CLEARWATER — Pinellas County Republican U.S. Rep. Anna Paulina Luna’s push for a congressional stock trading ban received an endorsement Tuesday from Florida Gov. Ron DeSantis.
Saying members from both major parties have unfairly boosted their personal financial fortunes based on information they learn while serving in Congress, the governor added that every member of the state’s 28-member congressional delegation should support the legislation when it comes to a vote in the House later this year.
And he said he will advocate for a state law to require all candidates running for federal office in Florida to check a form about whether they intend to trade individual stocks while serving.
“It’s really odd,” he said while speaking at a press conference held at the U.S. Coast Guard Air Station in Clearwater.
“You’ll have people get elected to Congress having never shown any investment acumen ever in their life, and then all of a sudden they become Warren Buffet on steroids. They’re putting some of the biggest hedge funds in America to shame with these stock trades that have these really suspicious timings. Because, look, if you buy a stock and it goes up 400% in like a month? That’s like a once in a lifetime investment, and yet these guys seem to be doing this quite frequently. And they have access to certain information I believe that is helping to fuel that.”
Public opinion polls have shown for several years that banning stock-trading in individual companies by members of Congress is popular.
Portfolios increase
Republicans from across the country have made former Democratic House Speaker Nancy Pelosi the symbol of how members of Congress have become exponentially wealthier during their time in Washington. Over the past three years, Pelosi reported a trade volume of more than $50 million, according to Capital Trades, a website that monitors the stock activity of members of Congress.

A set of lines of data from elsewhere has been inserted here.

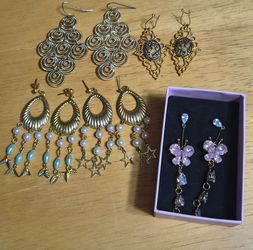 Earrings Lot 5 Pairs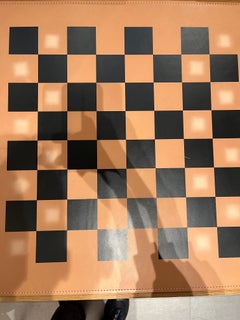 e15 Nona Leather Chess Board and Chess Figures by Annabelle Klute in STOCK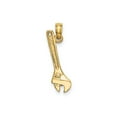 thumbnail image 4 of 14k Yellow Gold Adjustable Wrench Pendant for Men, Realistic Tool Charm Symbolizing Craftsmanship for Mechanics, Engineers, Construction Workers, and Trade Professionals, 4 of 7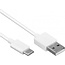 Benson Mobiele Oplader - USB naar Type C Kabel - 2 meter - Wit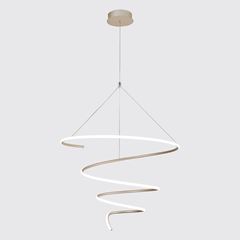 Pendente em Metal Led 36W Bivolt Nautilus 3 Cores Dourado DILUX / REF. DI00883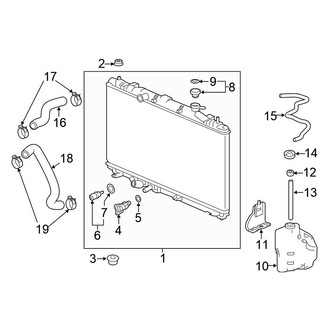 Honda OE - Cooling - Radiator & Components (2.0L)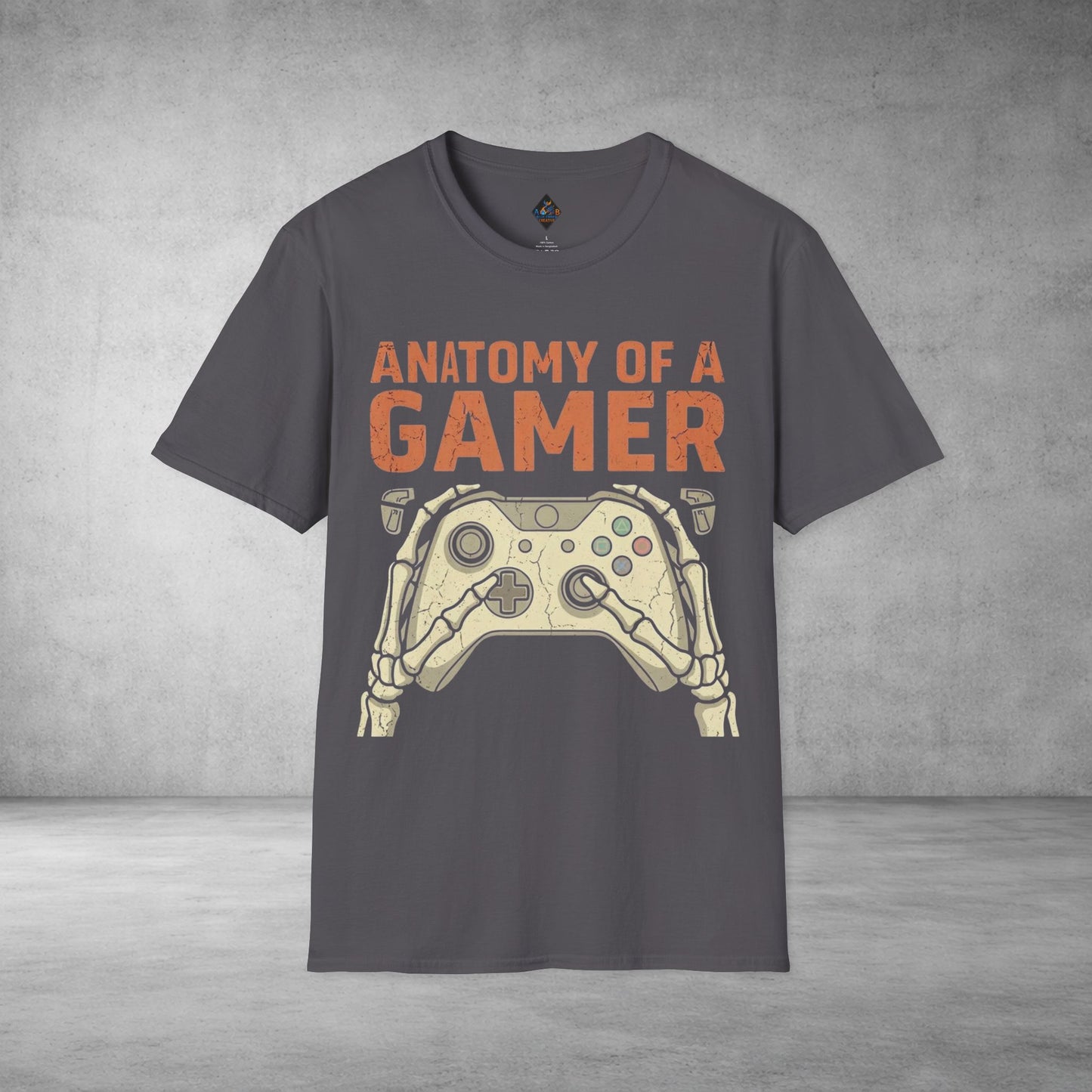 Anatomy of a Gamer T-Shirt – Retro Controller Graphic Tee for Gamers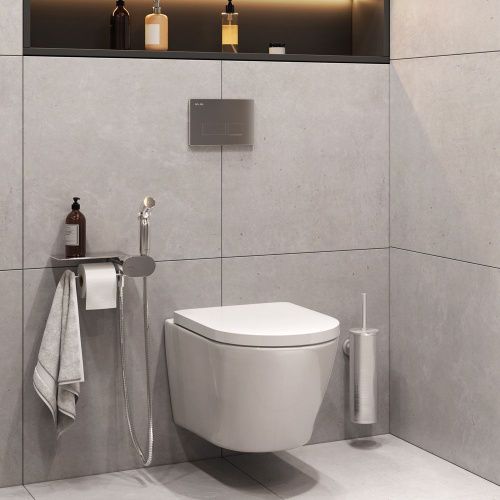 Унитаз подвесной Am.Pm Sense CK74H0403W белый с сиденьем микролифт безободковый каскадный смыв - фото 3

However, according to the government watchdog group Common Cause, that only put the California Democrat eighth among the members of the 119th Congress in terms of trade volume (Connecticut Democratic Sen. Richard Blumenthal was first).
Both DeSantis and Luna referred to Pelosi Tuesday but acknowledged that members from both political parties are at fault.
“On average, members that do engage in stock trading on both sides are getting 600% returns now outperforming the S&P,” Luna said. “So, how could you ever expect members of Congress to truly work for the American people if this is indeed what they’re doing? And it’s wrong and it needs to stop and so I’m very happy that Gov. DeSantis has been able to lead on this effort.”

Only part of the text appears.